One more Spelling Bee is behind us, and one more benighted youngster took the cake. In the final round, he spelled the word éclaircissement “making an obscure subject clear” correctly. He is thirteen years old, he has been playing this game for seven years, and he was the runner up in 2024. According to his statement, he spent five to six hours daily on weekdays and seven to eight hours on weekends studying the dictionary for unfamiliar words. Moreover, he has been practicing this thing for the last seven years, that is, almost since his kindergarten days. I am of course sorry for the kid, because I am not a fan of child abuse and because I know that one can be young only once. Rather long ago, I already spewed my contempt and ire at Spelling Bee, and I remember that my pamphlet did not produce the slightest stir. But as Cyrano de Bergerac said on a different occasion: “One does not always fight to win.” That is why I’ll once again return to Spelling Bee, Spelling Reform, and Walter William Skeat.

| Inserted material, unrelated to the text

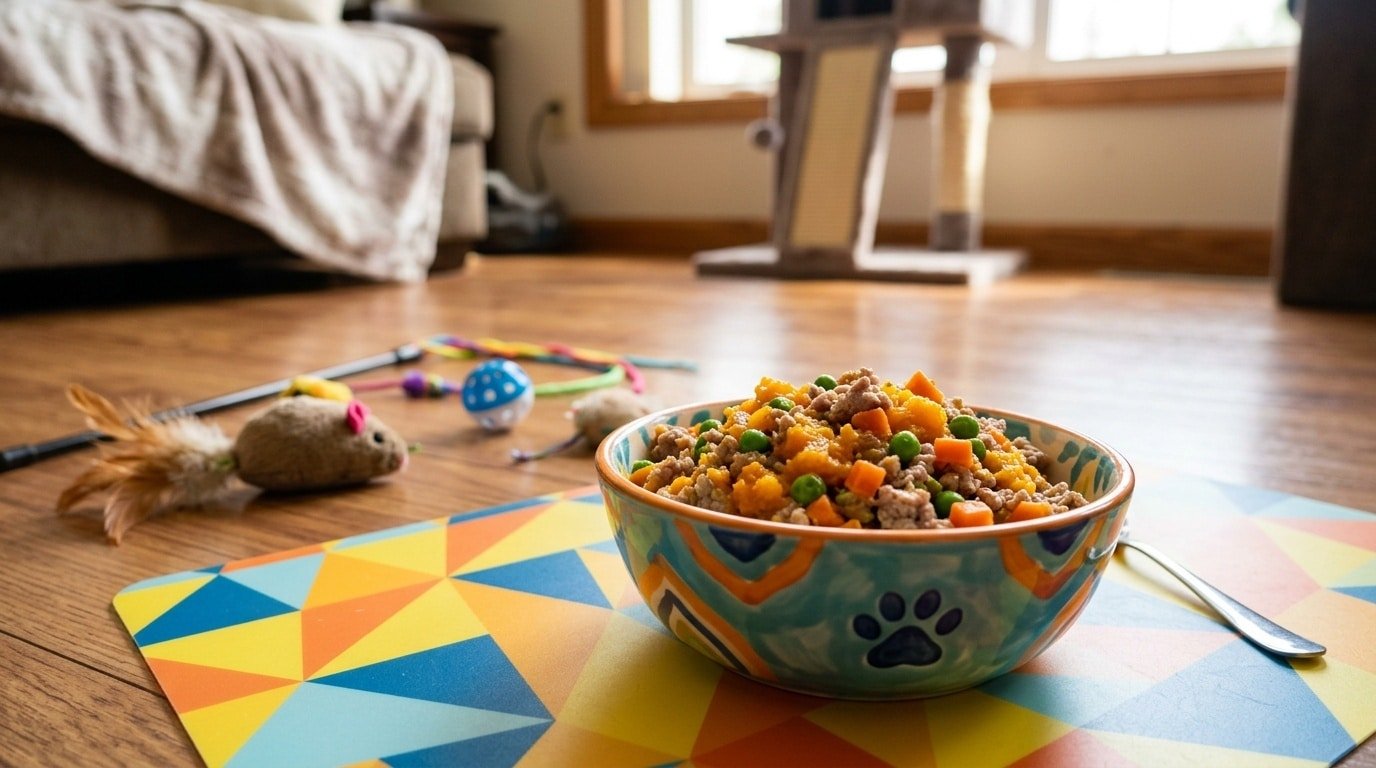 A bowl of Digestive Care Rabbit & Pumpkin Cat Meal with rabbit meat, pumpkin, peas, and carrots on a bright pet food mat.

Image by Rossiter Pics. CC by 2.0 via Flickr.
Learning the spelling of the words one will never use or even encounter looks like an unprofitable occupation. I suspect that the hero of this year’s contest does not read or speak French (there was no time to learn it). What then is the use of knowing the word éclaircissement? He also spelled Chaldee, Symlin, olona, and adytum correctly. The website says that after winning the prize, he collapsed with excitement and fatigue. And the admiring people who would not hurt a tadpole watched and applauded.
English spelling is irrational and tough, but why should our youngsters know how to spell olona? Wouldn’t it have been more profitable to read Shakespeare, Dickens, and Mark Twain (not of course for five or six hours a day) and come across all kinds of unfamiliar language in them: obsolete but interesting nouns and verbs used in the days of Queen Elizabeth I, the British slang of Artful Dodger, and some medieval vocabulary occurring in A Connecticut Yankee in King Arthur’s Court? What a feast of words! Our winner could have learned French and even Latin, or (since he knew how to spell Chaldee) even Hebrew.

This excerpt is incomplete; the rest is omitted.